Maybe it was a signal, for Albion felt a pull at his left hand. He looked up at Gordon's mountainous form and noticed for the first time that he too was asleep or entranced, breathing softly and regularly through his mouth. Was this a whole family of mediums? If so, how did they split up the work?
As if answering his question, quite suddenly a woman's voice began to emerge from Gordon's lips.
"This here is Aunt Sally,” the voice announced in the cracked tones of age. “Is that you, Natty? Oh, and there's Cyrene, too. Who's the white fella? I once knew everybody round Boney Part, but he's a new one on me. How's the weather down by y'awl?"
"Kind of rainy,” said Na'teesha. “How is it where you at?"
"Very bright,” said Aunt Sally. “Very, very bright."
"That's nice. I guess you're over the clouds there, so you get lots of light from the sun."
"Not from the sun,” said Aunt Sally. “Our light comes from the Son."
"Praise God!” exclaimed Na'teesha. “Now, Honey, much as I'd love to visit with you a while, this gentleman is paying fifty dollars to contact a certain person name of Welch used to live in Smith's Haven."
"There I can't help you,” said Aunt Sally. “I remember Dr. Welch a little bit, but he ain't up here with us. Come back when you got more time to chat, okay, Na'teesha?"
 
; The next twenty minutes were largely wasted, as a parade of unwanted spirits took the stage. A medieval archer babbled in Middle English; an Irish servant girl who'd died of typhoid in nineteenth-century New York gave thanks she'd never again have to “scrub them damn front steps"; a repentant Storyville whore praised her Redeemer; a U-boat crewman denounced die gottverdammte Engländer who'd killed him with a depth charge in 1943.
One by one Na'teesha dismissed these annoying wraiths, repeating over and over that Dr. Welch, of Bonaparte, Mississippi, was the only person wanted. And at last, with a suddenness that made Albion jump, a precise and cutting baritone emerged from Gordon's lips.
"Why are you people practicing your superstitious folly in my house?” it demanded.
Na'teesha responded, “Will you identify yourself, please?"
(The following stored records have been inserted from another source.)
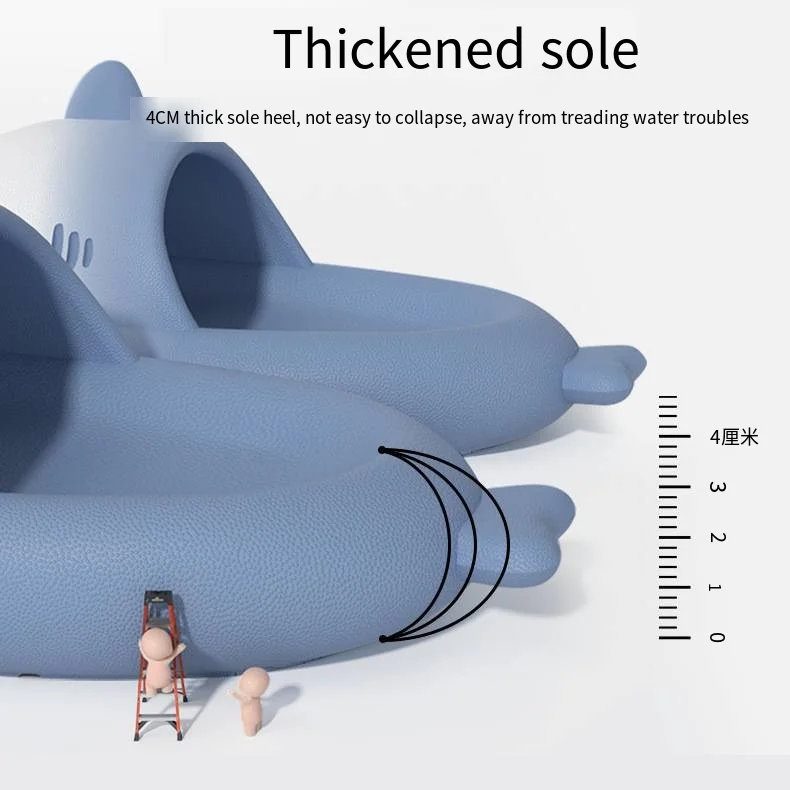 Gradient Shark Slippers Male Summer Indoor Home Bathroom Non slip Couple Shit Treading Feeling Male External Wear
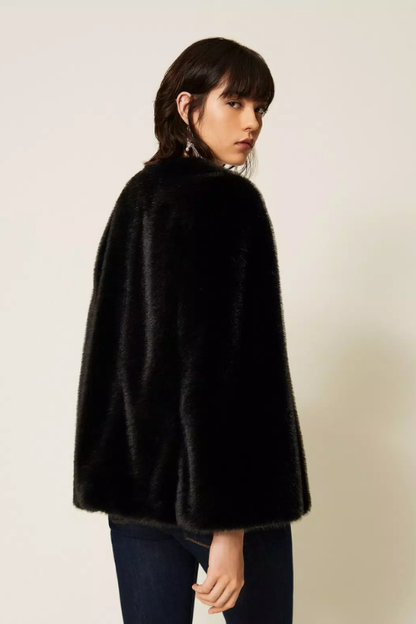 Faux Fur Cape Jacket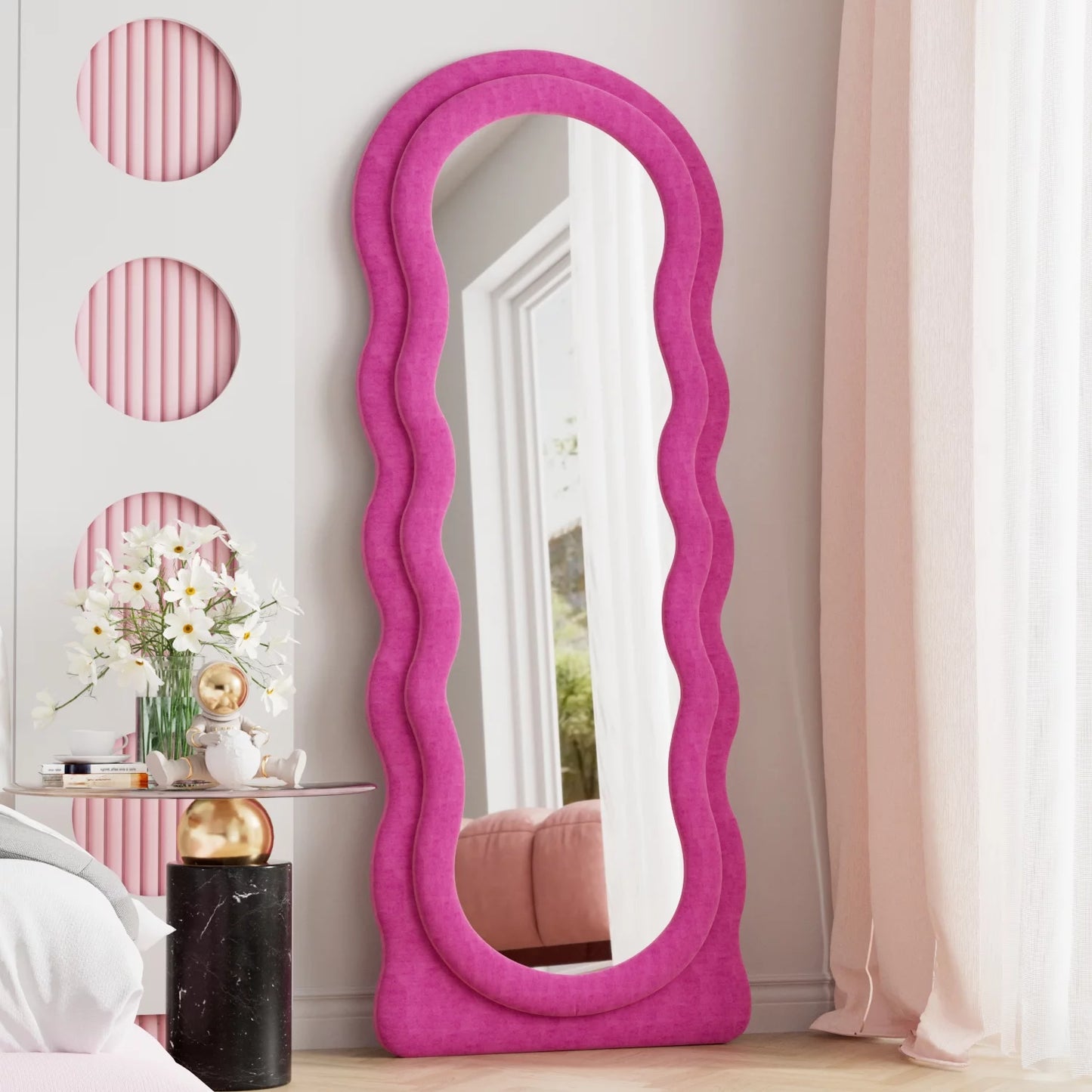 VLUSH Wavy Full Length Mirror, Freestanding Floor Mirror with Stand, 63"x24" Wall Mounted Mirror Bedroom (Pink)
"Peter Paul Welch, M.D. Doctor Peter Paul Welch,” he added, in case those present were too dense to understand the M.D. “May I ask again what the devil you're doing in my surgery?"
"You practiced medicine in this room?"
"Madam, I practice medicine here every day. And I don't rent out space for strangers to put on absurd mummeries. Belle, show these intruders out."
"Doctor Welch, do you recognize the lady seated at your left?"
Silence followed. Then: “She seems ... oddly familiar."
"Her name is Cyrene Foxx, formerly Cyrene Brown."
"That's quite absurd. Cyrene Brown is an infant."
"No, Doctor Welch. She's eighty years old."
"Are you insane?"
"You're dead, Doctor Welch. You died eighty years ago. You're a ghost."
Surprisingly, Welch's tone softened. “My dear woman, I must apologize for my earlier asperity. I see now why you're in my surgery. I suppose worried family members brought you here. However, you should know that I'm a general practitioner, so I can't treat your mental problems. You need to see an alienist. Unfortunately, this benighted town doesn't possess one, even though most of the people are crazy. Try Charity Hospital in New Orleans."